Friday, February 5
From RDA to GNR
On my way to work this morning I was standing outside the Chinese restaurant by the bus stop next to a seemingly shady couple who seemed to be on their way home from a night of debauchery. I was listening to my iPod and came to think of this recent near-obsession with Richard Dean Anderson that has been going on here on our page. That somehow made my mind drift away to another blast from the past, not sure how this came to mind but could be because it happened around 1987-88 and my brother recently posted a photo on Facebook of this object he purchased back then.
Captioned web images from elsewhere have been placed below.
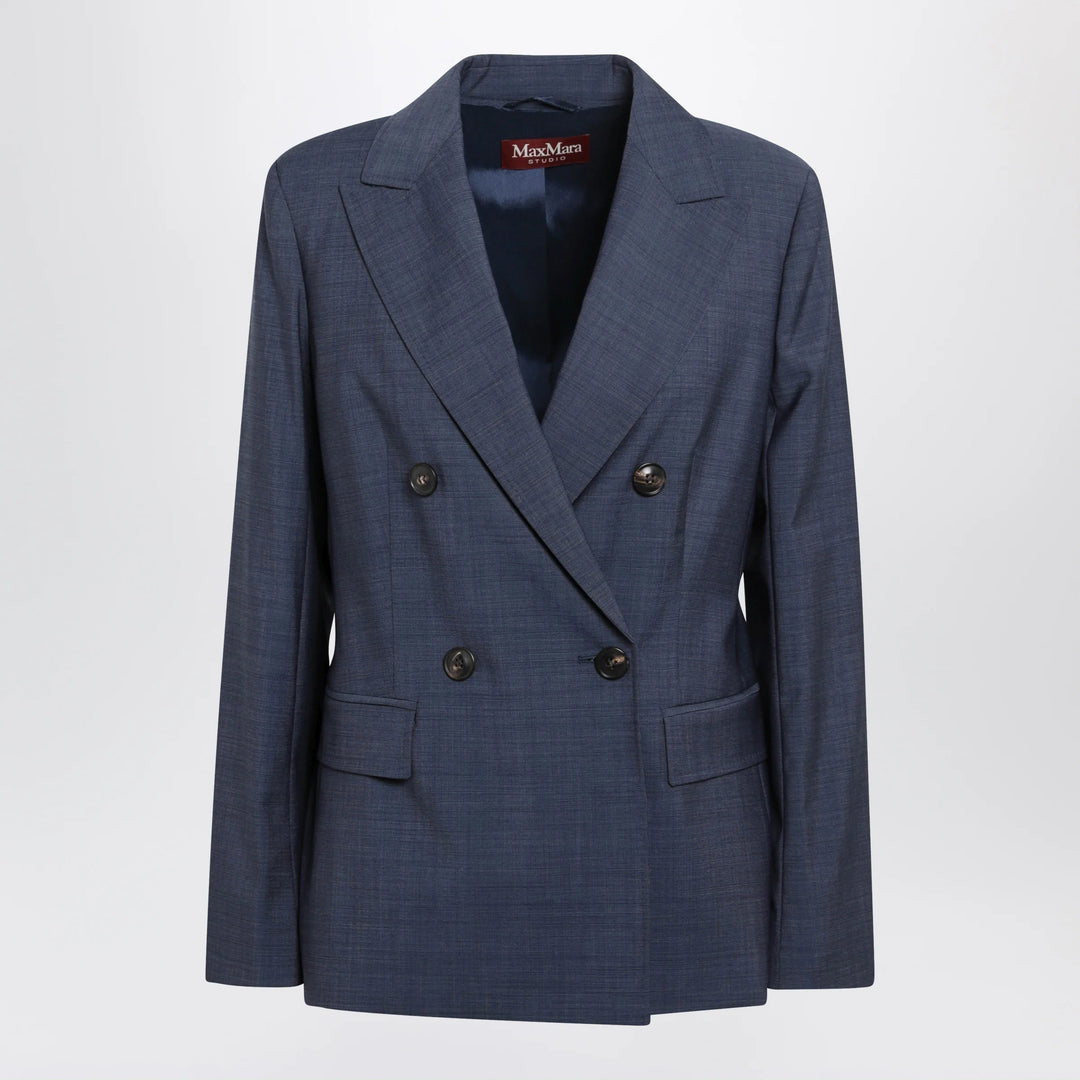 Max Mara Studio - Double-Breasted Jacket in Denim Blue Wool Canvas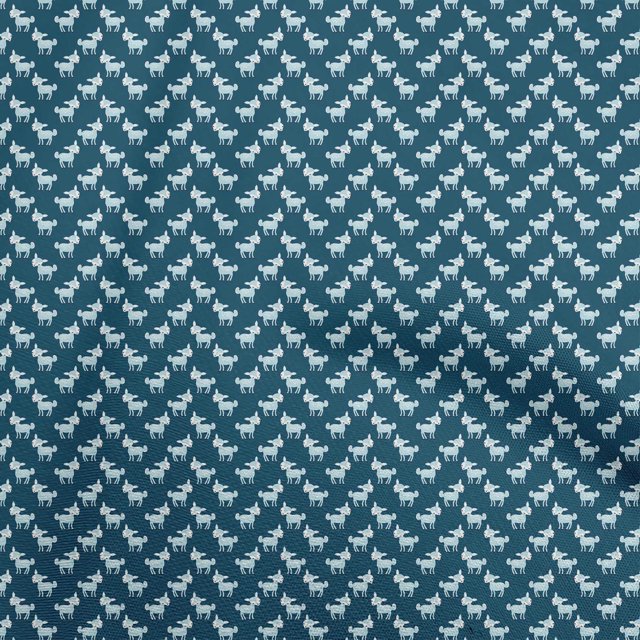 oneOone Rayon Teal Blue Fabric Animal Sewing Craft Projects Fabric Prints By Yard 56 Inch Wide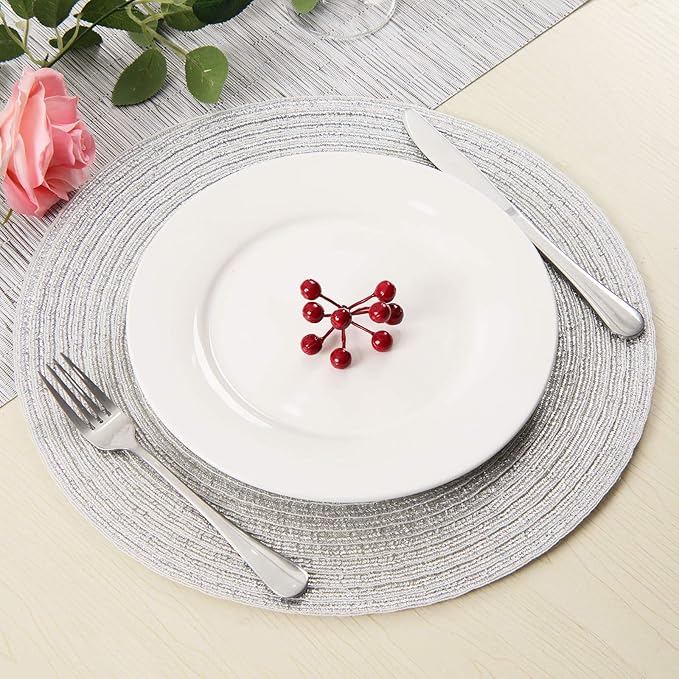 SHACOS Silver Glitter Round Placemats Set of 6 Sparkle Bling Place Mats Glitz Table Mats for Christmas Holiday Home Party Wedding Festive Table Decoration (6, Silver)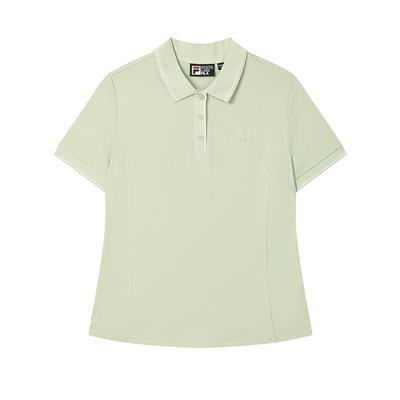 White Fashionable Comfortable Versatile Simple Soft Casual Short Sleeve Polo Shirt Women Tops Herbal-Green F11W523105F-LG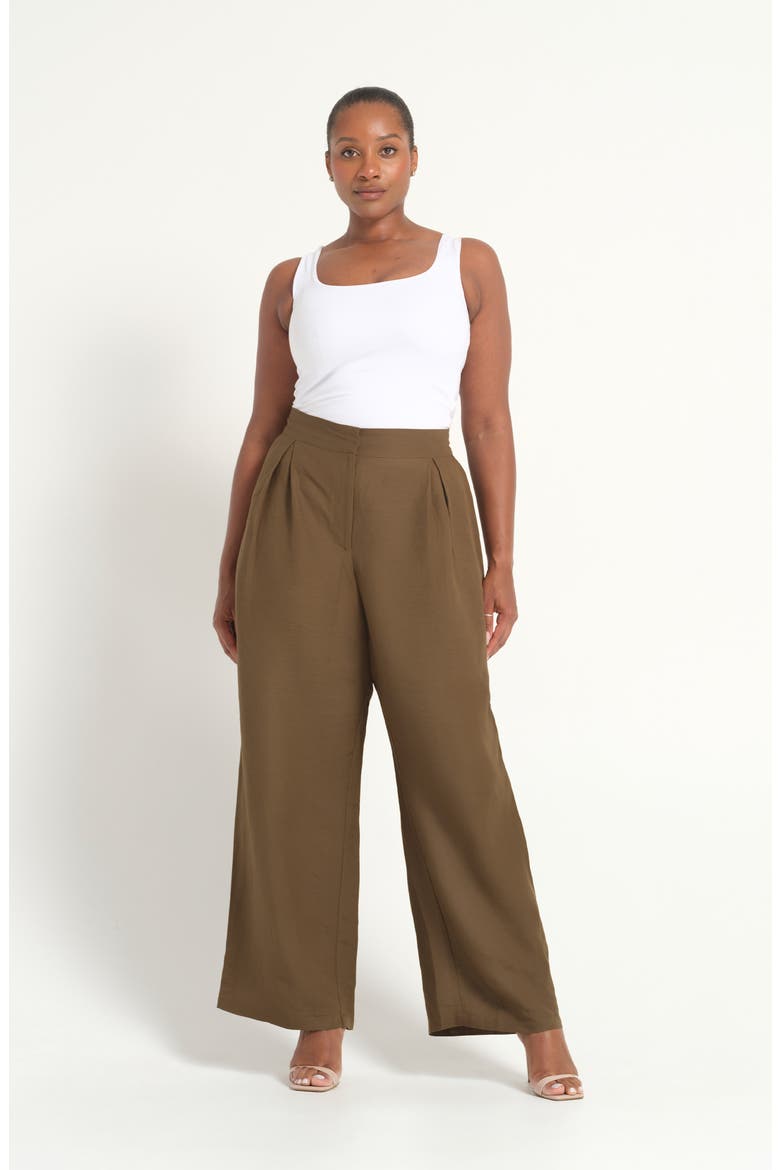 Katrina High Waist Pleated Wide Leg Pants, Alternate, color, FERN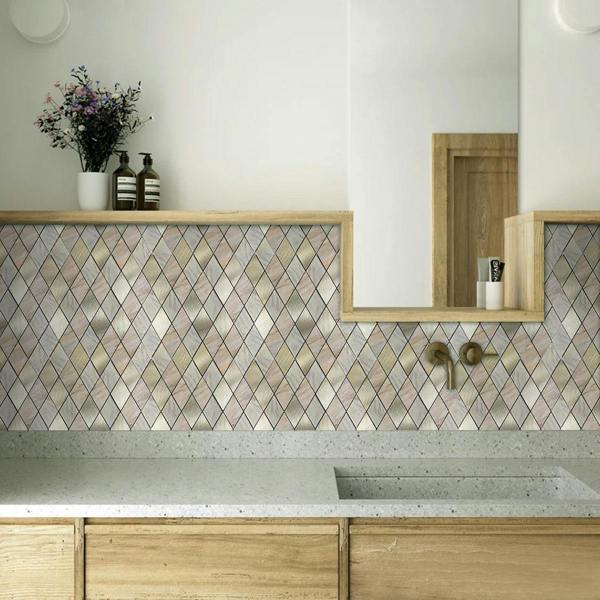 ENER-J Rose Gold Slate Diamond Pattern Peel & Stick Aluminum Tile, Size:295 x 295 x 4.5 mm (Pack of 4)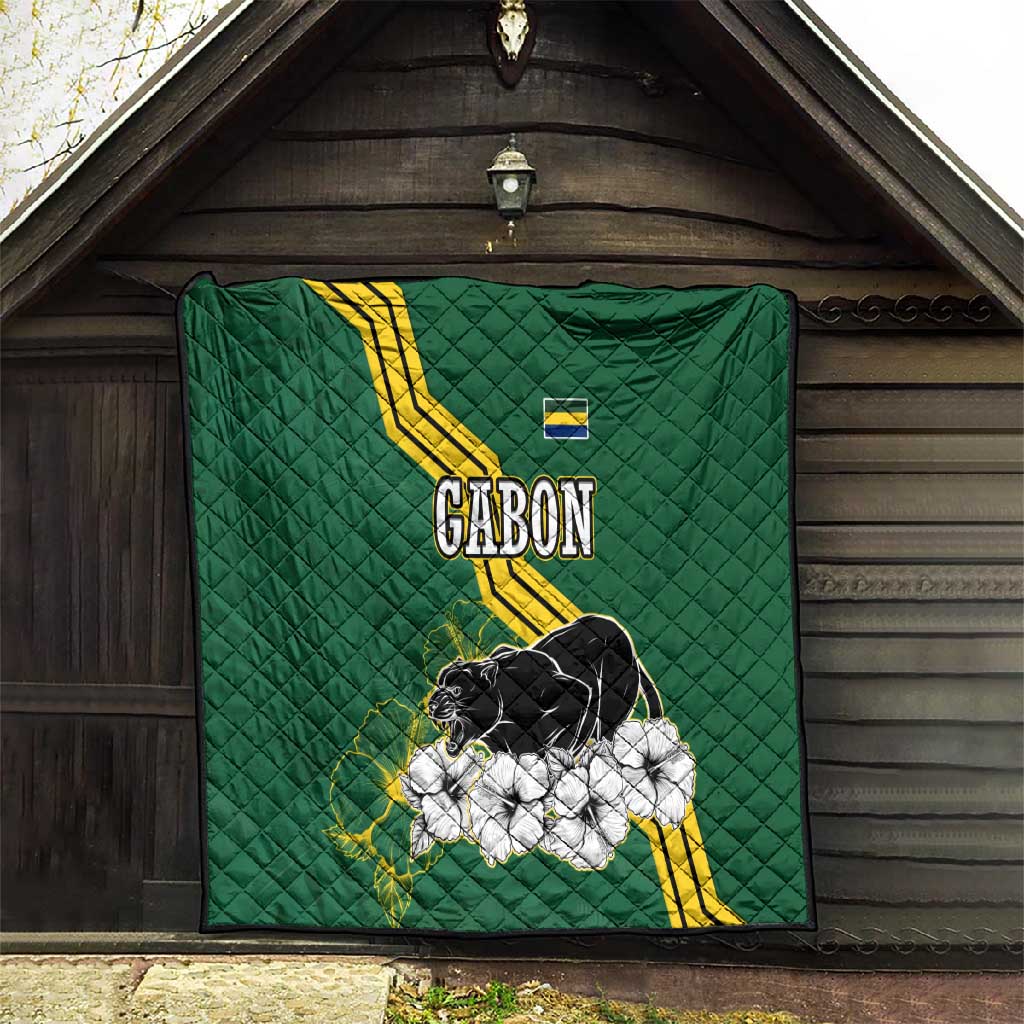 Gabon Quilt - Black Panther Graphic and Hibiscus Flower Design in National Colors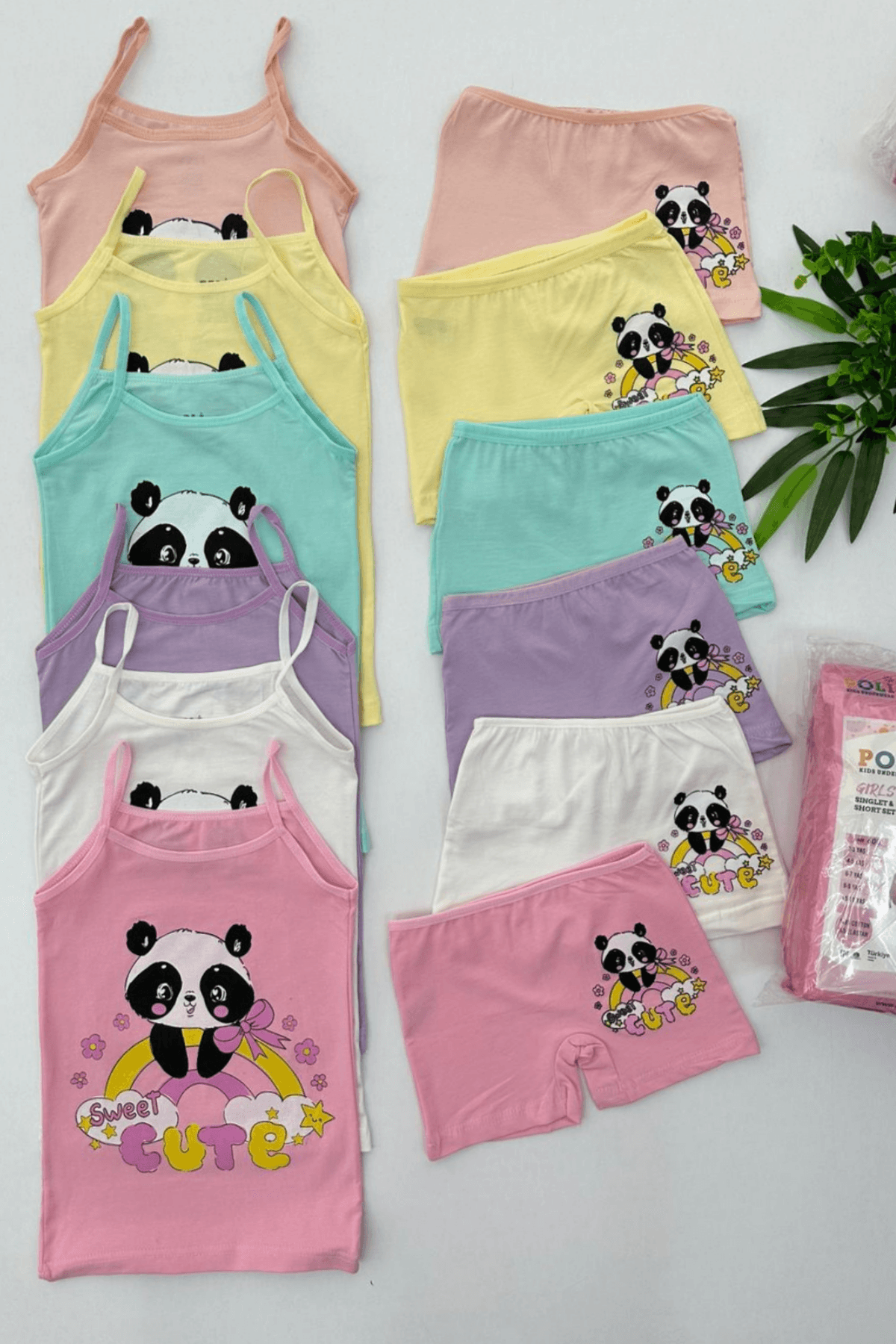 6'LI PANDA DESEN KIZ ÇOCUK ATLET BOXER TAKIMI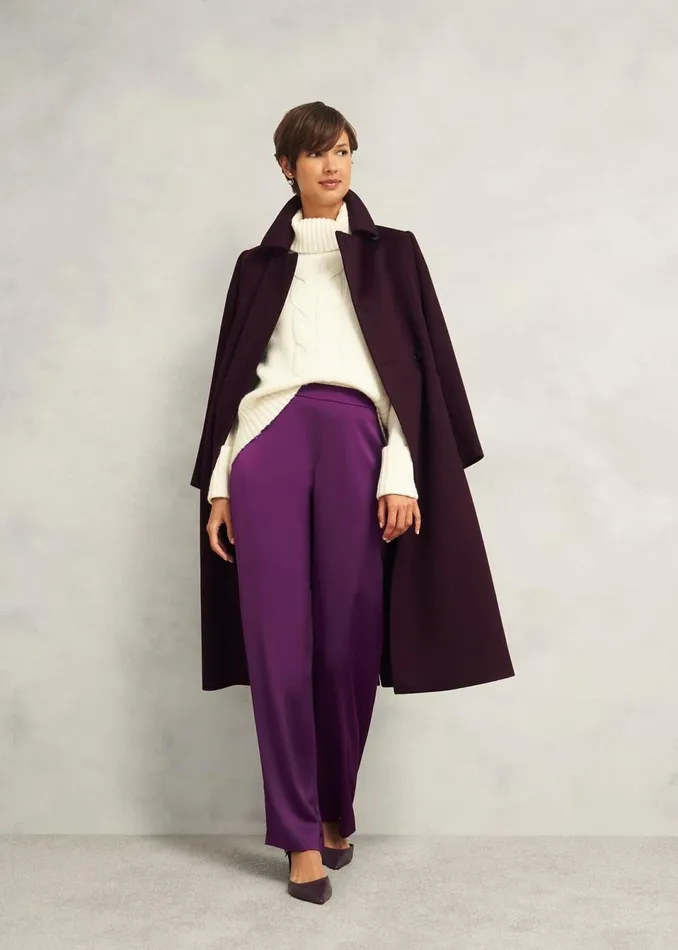 Women Trousers Hobbs Judith Satin Trousers Vibrant Purple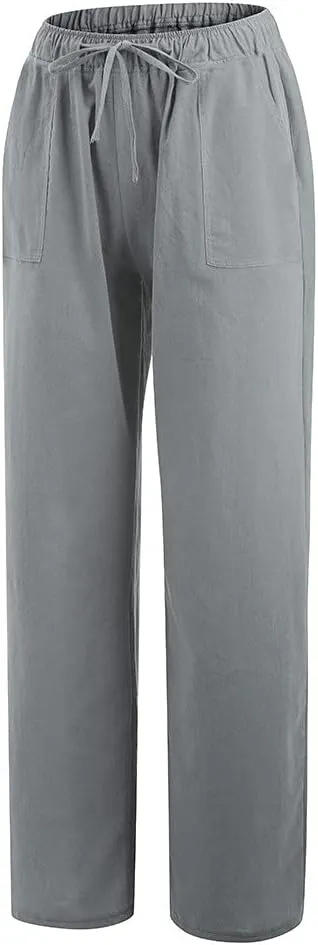 Cotton Linen Pants for Women Casual Drawstring Self-tie High Waist Fashion Loose Fit Beach Trousers with Side Pockets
I was remembering a day when my mom, my brother and I went to ‘Tore Henrikssons Radio & TV’ in Kalix, Sweden, where we lived at the time. My brother had gotten some money to shop for, most likely a birthday present, and our cousin worked in this radio-shack-type store. So, we went in to buy an LP record and my brother is only just over 2 years older than me, so 2 young kids and their mom who probably did not know what was about to hit her.
Our cousin, who obviously was older than us and also much, much cooler than us (he could make the best mixtapes, complete with a cassette song index where the song titles were highlighted with various neon colors), greeted us in the shop and he already knew that we were there to buy a record for my brother. He walked us over to the chart topping records at the time and recommended this horrible looking album sleeve with a dead hooker in an alley who was surrounded by robots; it was ‘Appetite for Destruction’ by Guns N’ Roses. Our mom shrugged a little, but as our ‘more mature’ cousin said it was ok, my brother was allowed to buy the record. The fact that it was a very loud and screechy rock album is a whole other story.
Funny how all of the sudden I would recall exactly where in the store we were standing, how the surroundings looked like and the manner of how our cousin took us straight over to that infamous album cover. That boggles my mind a little bit. Must have been those sketchy looking people that subconsciously reminded me of the dead hooker and the robot dressed in a flasher-coat. My subconscious mind could of course also have been influenced by my iPod playlist.
An interesting piece of pop culture trivia is that this album sleeve, the one with the dead girl, was banned shortly after we purchased the record and was replaced with a more subtle album cover and the nasty picture was put on the inside of the sleeve instead. I mentioned this to my brother when I visited him in Stockholm a few months ago, as memorabilia collectors pay good money for rare items like that. The sleeve is now hanging nicely on the wall in his apartment.